Issue preclusion only can be invoked when all its essential elements are
present; and “each necessary element must be established beyond all question.”
Kelty v. Brumfield, 93-1142 p. 8 (La.2/25/94), 633 So.2d 1210, 1215. Because La.
R.S. 13:4231 is “modeled on federal preclusion doctrine and the Restatement of
Judgments, federal jurisprudence may be consulted when the relevant Louisiana
cases leave doubt as to the meaning of the statute.” Sevin v. Parish of Jefferson,
632 F.Supp.2d 586, 595 (E.D. La. 2008) (citing In re Keaty, 397 F.3d 264, 271
(5th Cir. 2005)).
Issue preclusion is codified in La. R.S.13:4231(3), which provides that “[a]
[valid and final] judgment in favor of either the plaintiff or the defendant is
conclusive, in any subsequent action between them, with respect to any issue
5 actually litigated and determined if its determination was essential to that
judgment.” Under issue preclusion, “[o]nce a court decides an issue of fact or law
necessary to its judgment, that decision precludes relitigation of the same issue in a
different cause of action between the same parties.” Sanchez v. Georgia Gulf
Corp., 02-1617, p. 14 (La. App. 1 Cir. 8/13/03), 853 So.2d 697, 706.
The jurisprudence has construed La. R.S. 13:4231(3) as requiring that the
following three elements be present for issue preclusion to apply: (i) a valid and
final judgment; (ii) identity of the parties; and (iii) an issue that has been actually
litigated and determined if its determination was essential to the prior judgment.
Liberty Mut. Fire Ins. Co. v. Weaver, 16-1008, p. 4 (La. App. 3 Cir. 5/10/17), 219
So.3d 442, 445-46; Glob. Mktg. Sols., L.L.C. v. Chevron U.S.A. Inc., 18-1765,
p. 10 (La. App. 1 Cir. 9/27/19), 286 So.3d 1054, 1061. We separately address each
of the three elements required for issue preclusion to apply.
Valid and Final Judgment
The first element—valid and final judgment—is undisputed here. DTNA’s
res judicata exception is premised on the trial court’s January 24, 2014 judgment,
granting its summary judgment motion in the Jones’ Loss of Consortium Suit. The
Jones did not appeal the January 24, 2014 judgment. Nor do the Jones dispute that
the judgment is both a valid and final judgment. The first element is met.
Identical Parties
The second element requires that the parties in both proceedings be
identical.
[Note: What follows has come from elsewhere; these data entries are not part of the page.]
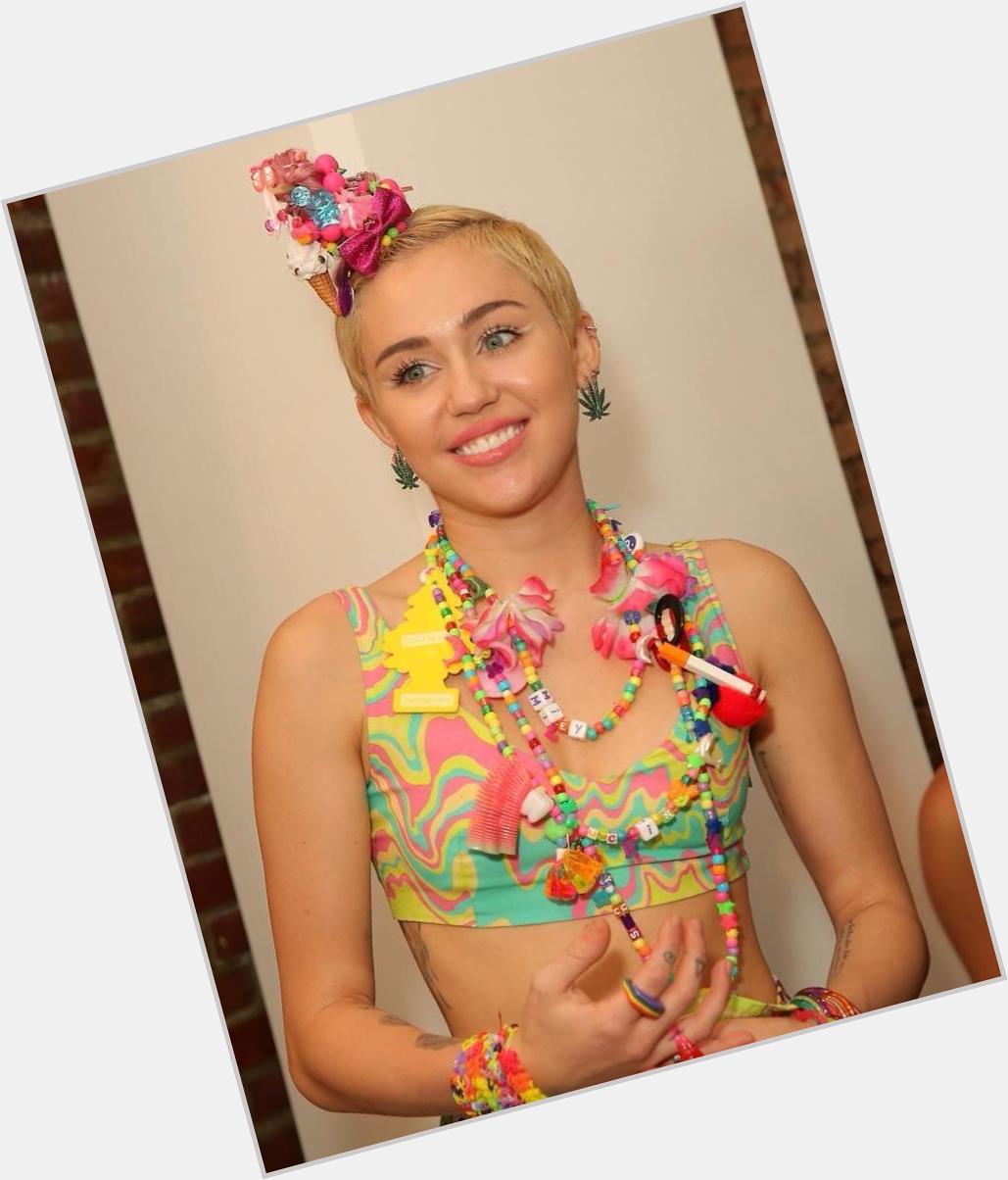 Happy Birthday Miley I am happy to listen to your music    Miley Cyrus 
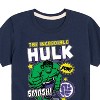 Boys' - Marvel - Hulk Sticker Collage Short Sleeve Graphic T-Shirt - 2 of 4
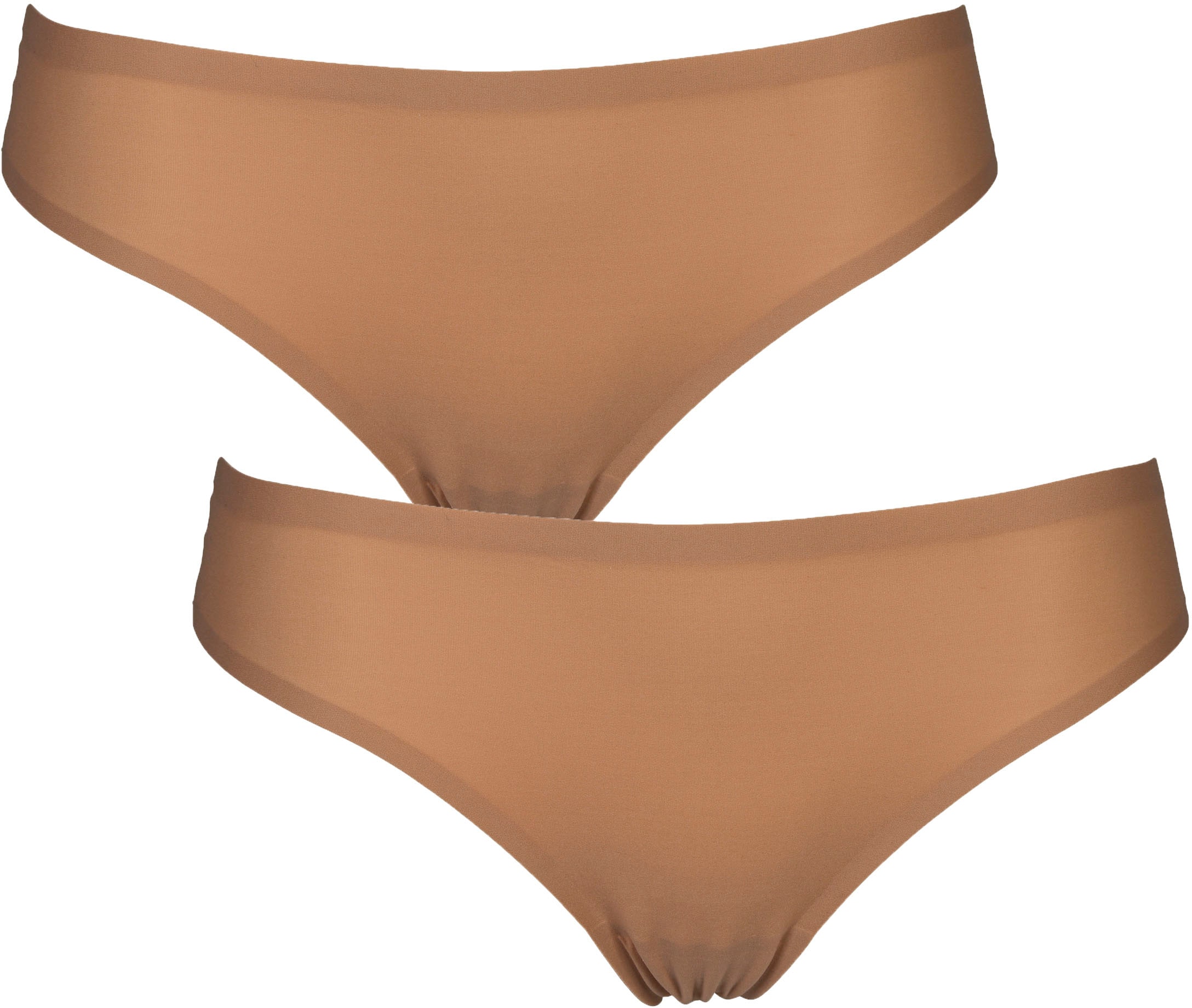 After Eden String »UNLIMITED« Packung, 2er Pack, 2 Stk. nahtloser Schnitt, basic, bequem, eng, weich, elastisch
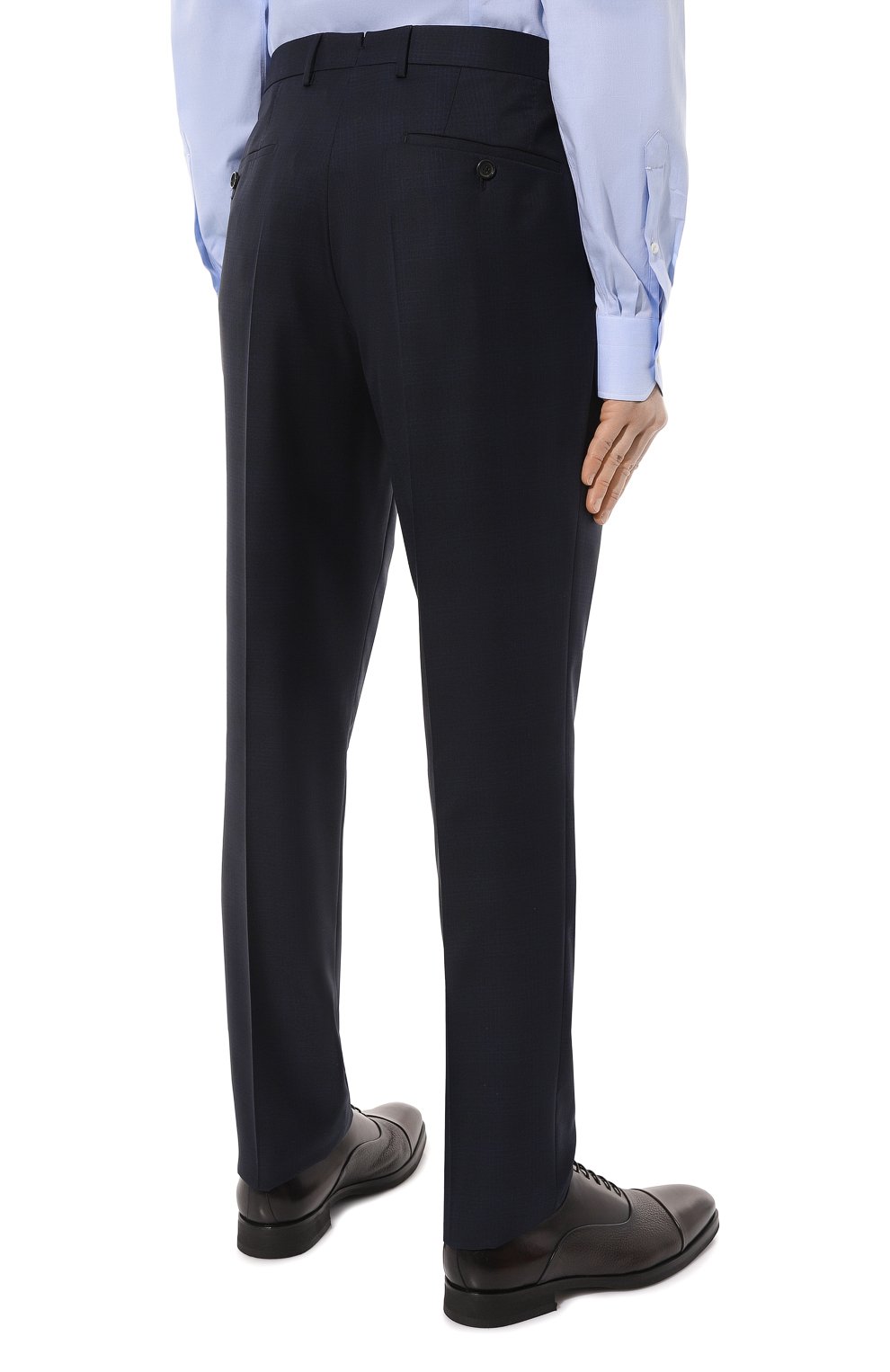 Костюм из шерсти и шелка BOSS, арт. 50460317, фото 5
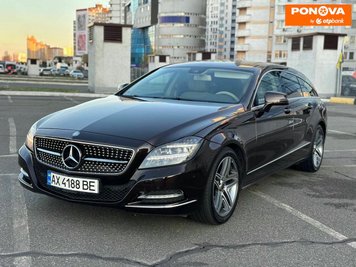 Mercedes-Benz CLS-Class, 2014, Дизель, 2.14 л., 250 тис. км, Універсал, Коричневий, Київ 280861 фото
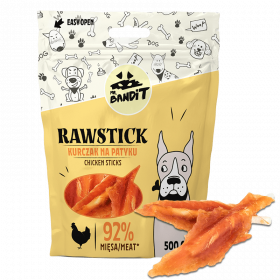 Mr. Bandit RAWSTICK chicken sticks 500g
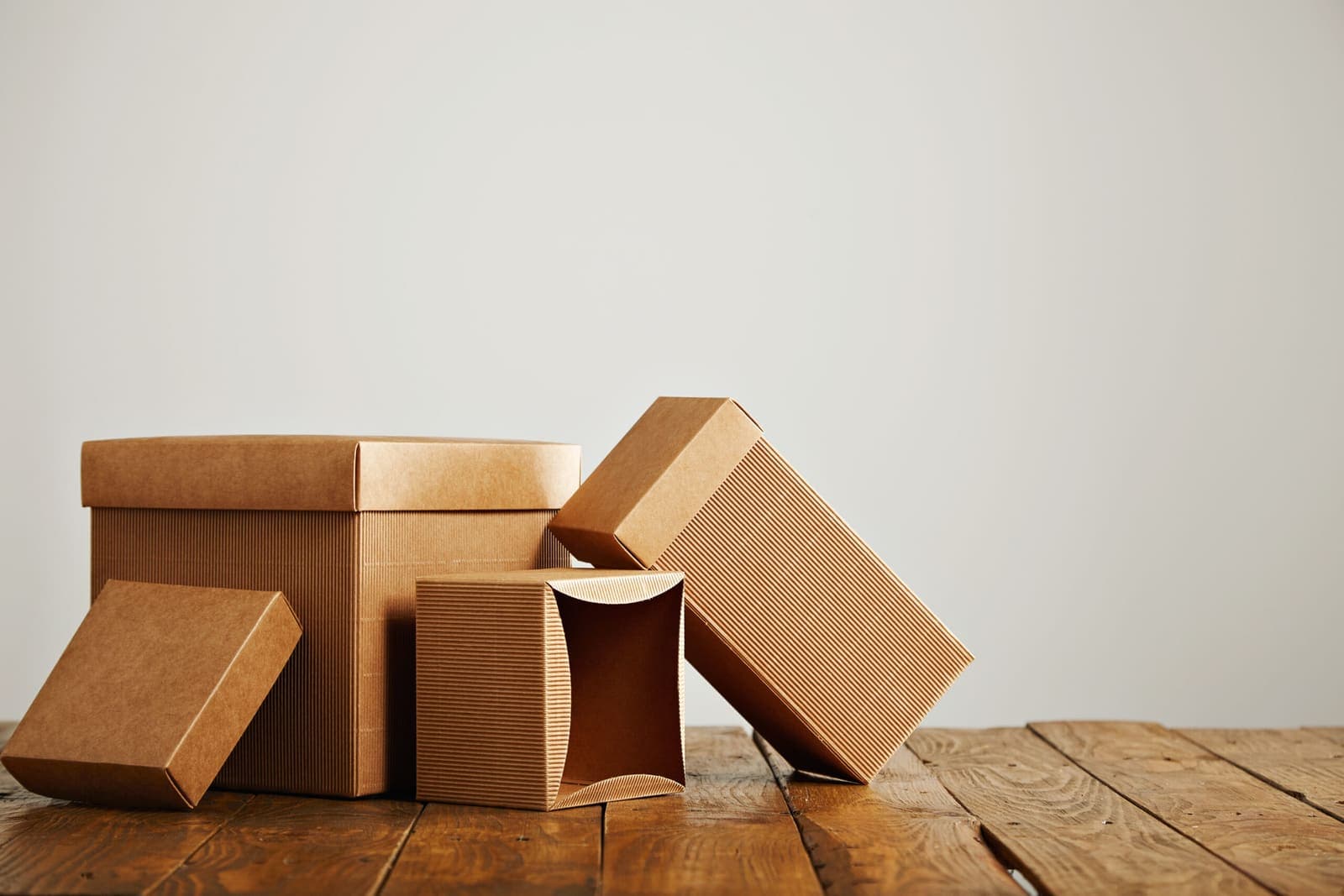 Standard packaging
The Jones contend that this element is not met because the First
Responders were not parties to the Jones’ Loss of Consortium Suit. We find this
argument unpersuasive.
6 A comparison on the parties in the Jones’ Loss of Consortium Suit and the
the Jones’ Wrongful Death Suit establishes that the identity of parties element is
met. The plaintiffs in both cases are the same—the Jones—and the pertinent
defendant in both cases is the same—DTNA. Contrary to the Jones’ contention, the
addition in the present case (the Jones’ Wrongful death Suit) of new defendants—
the First Responders—does not defeat the identity of parties requirement. As
DTNA points out, it is well settled that a plaintiff “cannot, by merely adding
parties, diminish the force and effect of the peremptory exception of res judicata as
between all the parties with whom he has litigated the issues to a final judgment.”
Lowe v. Rivers, 445 So.2d 105, 107 (La. App. 2d Cir. 1984) (internal citations and
quotations omitted).6 The second element is met.
Actually Litigated
The third and final element required for issue preclusion to apply is that “the
issue must be one that has been actually litigated and determined in the prior
action, and its determination must have been essential to the prior judgment.”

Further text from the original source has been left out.